Tika Thornton was only 12 years old when she first got trafficked.

One night while Thornton was roaming around the streets of South Central Los Angeles, a car pulled up along the side of her. Inside the car was a young man in his 20s who looked nice.

"He asked me if I was OK," Thornton said, "I told him I was fine, and I started to walk away and it started to rain.

"He was like, well just come sit in the car with me until the rain stops," Thornton said. 

It was cold and wet, as it had been raining throughout the day, so she agreed and got in the car.   

Once Thornton got into the stranger's car, the young man started asking Thornton questions. He seemed nice and sweet, according to Thornton, and after a while, she was feeling more comfortable 

He then pulled out a joint and asked if she wanted to smoke some weed. Although Thornton had never smoked before, she was used to seeing people smoking weed. So she thought, 'Well, what's the harm in it?'

Thornton paused and was silent. After a minute or two, she continued: "So I kind of, like, blacked-out … because, apparently, he laced the weed."

Thornton said that when she woke up in a fuzzy state, she was no longer in the man's car. Instead, she was in an unfamiliar room, tied up to the bed. "I felt pain and there was moisture dripping on my face," she said. "I tried to move my hands, but I couldn't."

When Thornton regained her consciousness and strength, she looked around. She was tied to the bed, on top of a dirty mattress with no sheets. "Guys were just coming in and out," she recalled, "I was basically getting raped over and over again by a bunch of different guys."

From then on, Thornton began a new 'life,' in which she was raped, beaten and sold, day after day.
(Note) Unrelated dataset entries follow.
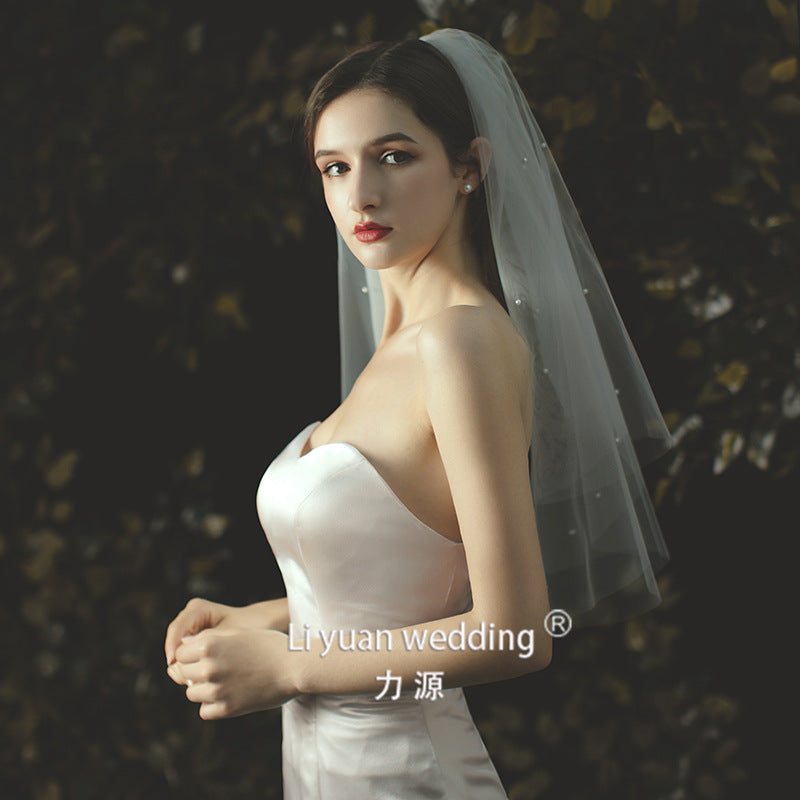 Beaded lace trim bridal veil with bow accent made of soft chiffon tulle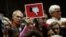 A voter holds up a sign during a town hall meeting with constituents by U.S. Representative Leonard Lance, R-N.J., in Cranford, New Jersey, May 30, 2017.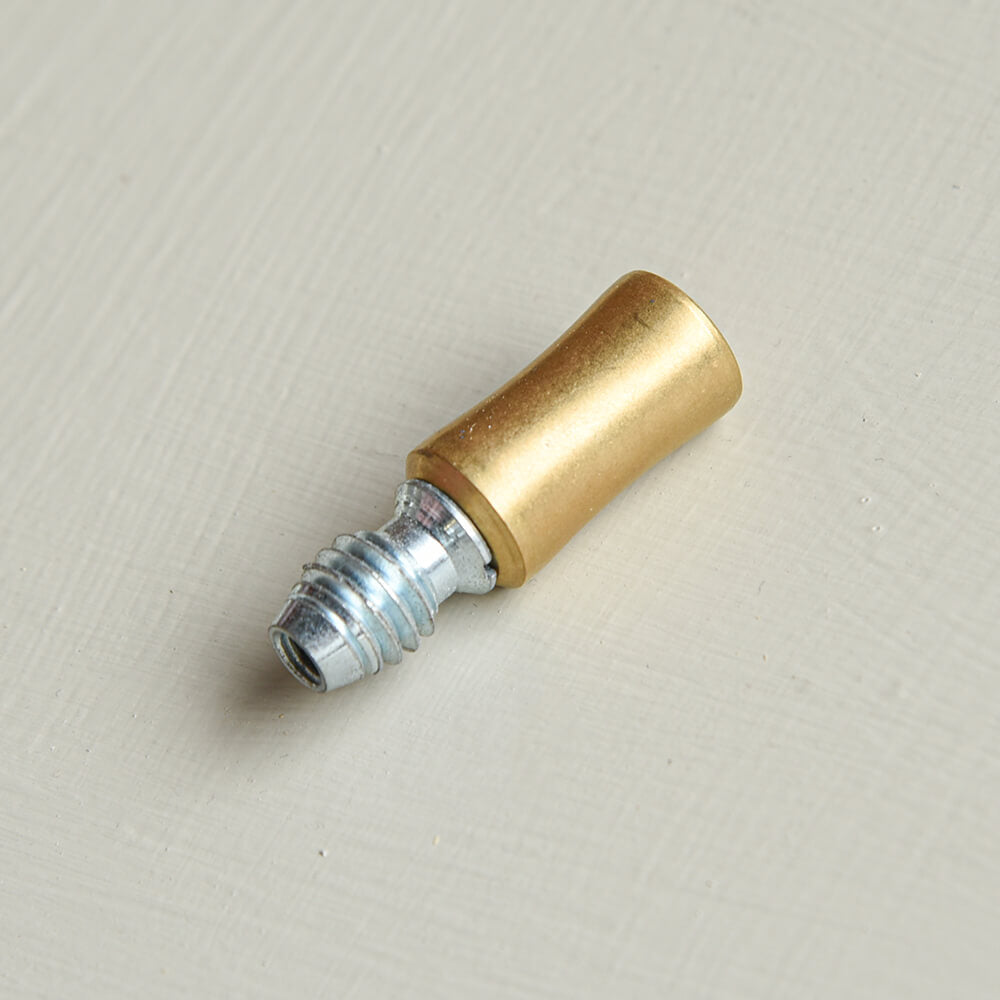 Brass threaded sash stop on a beige background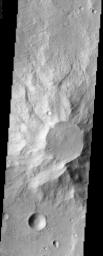 This positive relief feature in the ancient highlands of Mars, imaged by NASA's Mars Odyssey spacecraft, appears to be a heavily eroded volcanic center. The top of the feature appears to be under attack by the erosive forces of the Martian wind.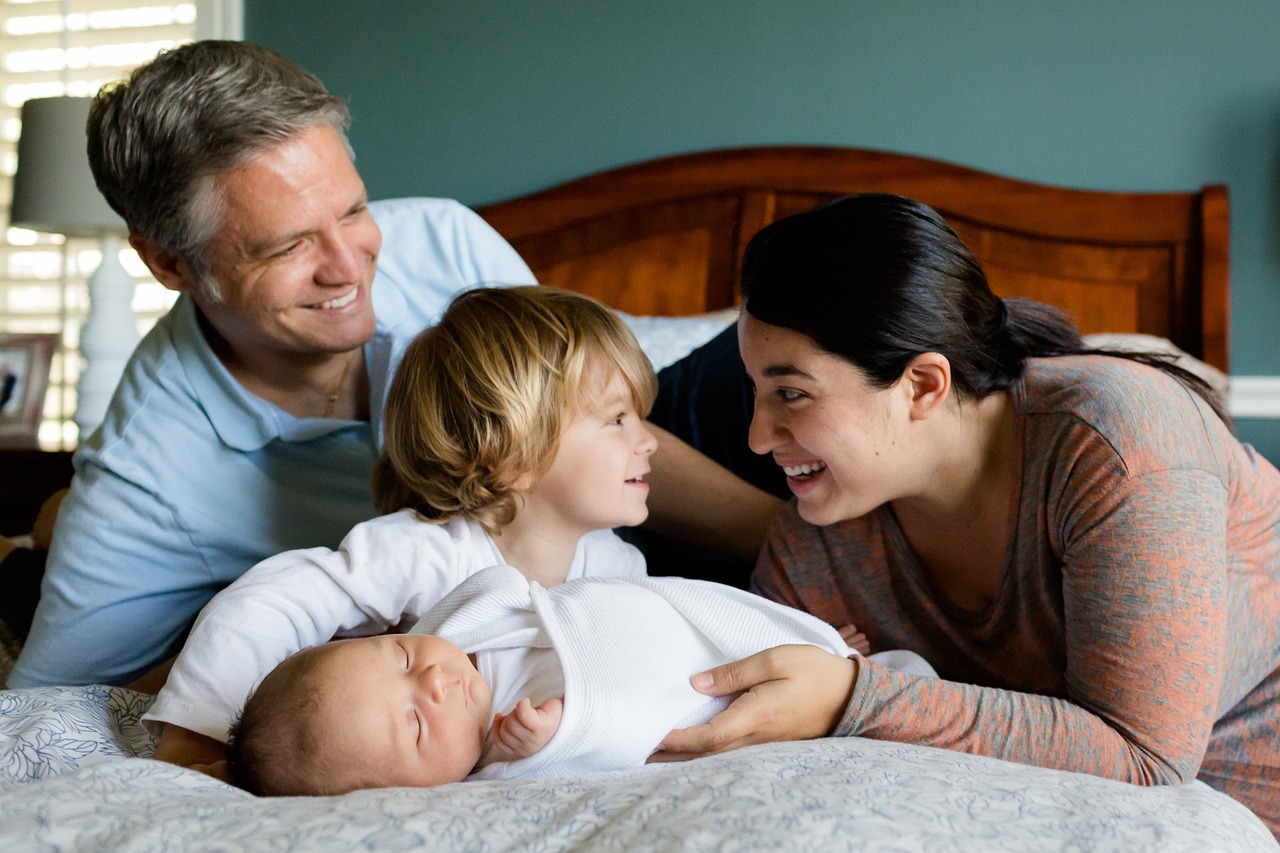 Na zdjęciu widzimy ujęcie rodziny, która spędza czas na łóżku. W centrum uwagi są rodzice ze swoimi dziećmi. To piękne ujęcie zachęca nas do zatrzymania się na chwilę i docenienia prostych, ale cennych momentów spędzonych z najbliższymi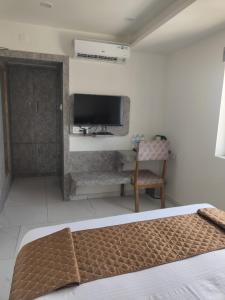 1 dormitorio con 1 cama, TV y silla en Signum Cityscapes The Royal Castle Plaza, en Rajkot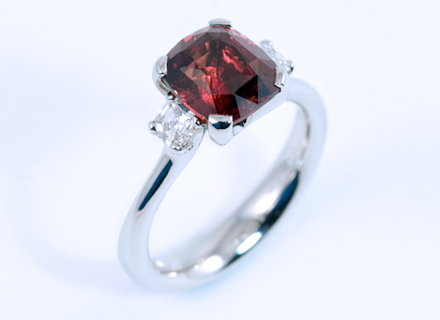 Four claw three stone platinum ring with a cushion cut red sapphire and asscher cut diamonds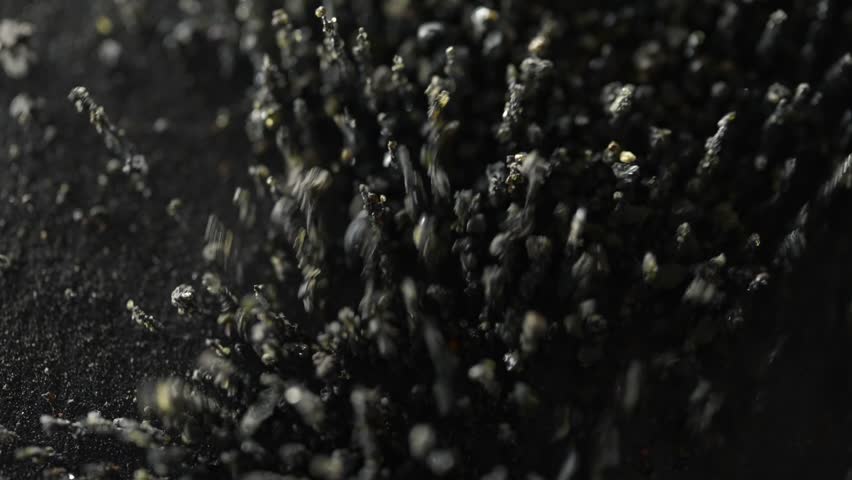 Magnetic Volcanic Particles Forming Spikes Macro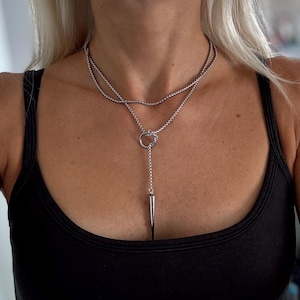 Può includere: Una collana argentata con un design a strati. Lo strato superiore è una catena delicata, mentre lo strato inferiore presenta un anello e un lungo pendente a punta. La collana è indossata su un top nero.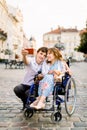 Young woman in wheelchair and her husband taking selfie outdoors, walking in old city center Royalty Free Stock Photo
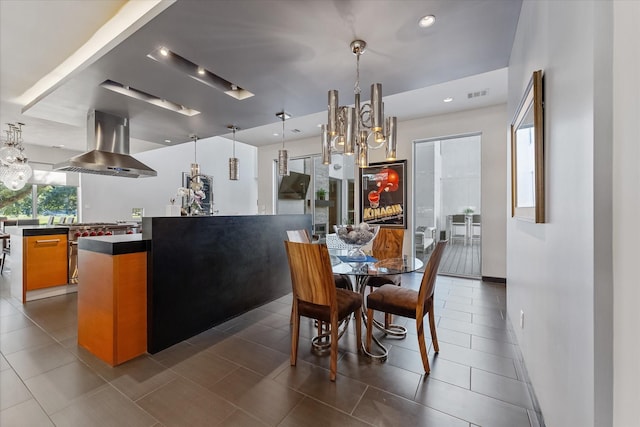 dining room with recessed lighting, visible vents, dark tile patterned floors, and an inviting chandelier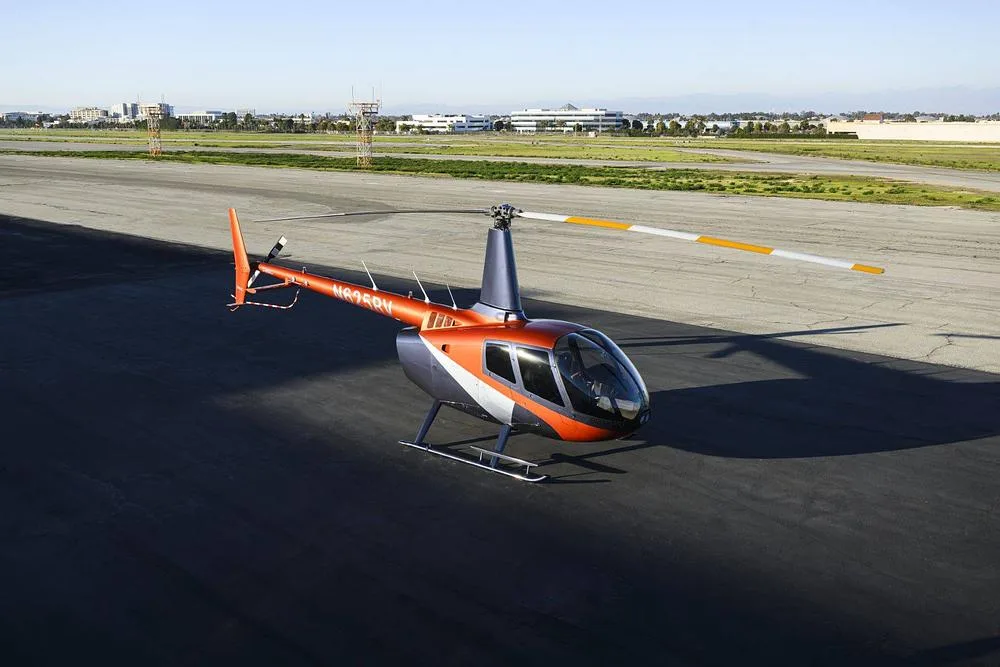 A two-tone orange and grey helicopter (N805RV) with white and orange rotor blades sits on an airfield under a clear sky.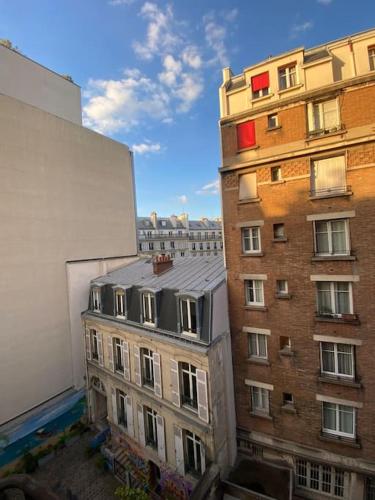 - une vue sur un immeuble depuis une fenêtre dans l'établissement Charmant T2, Quartier St Georges, à Paris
"From that moment on, I just stayed in the streets," Thornton said. "I couldn't imagine myself getting out of that situation. I felt worthless. I had little to no self-esteem." 

A deep pull of discomfort and sorrow welled up in her gut. Thornton recalled how she would work all day, often into the early hours of the morning.

"I would see kids my age going to school, and it was hard for me to look at those kids because there was a lot of shame."

Thornton's’ life was never easy, even before she met her pimp.

Thornton grew up in South Los Angeles. Her mother used drugs and abused her, while her father was absent.

"My home life was very violent because of the things that I'd been through in my life being sexually molested at a young age having," Thornton said. From the age of 6 to 9, she was repeatedly molested by one of her uncles. She kept quiet and didn't tell anyone about the sexual abuse until she was 12 years old. The first person she confided in was her mother, who then called Thornton's grandmother.

"My mom called my grandmother and told her what I said," Thornton recalled, "and my grandmother didn't believe." 

"So my mom didn't do anything after -- she didn't call the police, so nothing happened," Thornton explained. "And at that moment, I felt like, you know, nobody gives a shit about me."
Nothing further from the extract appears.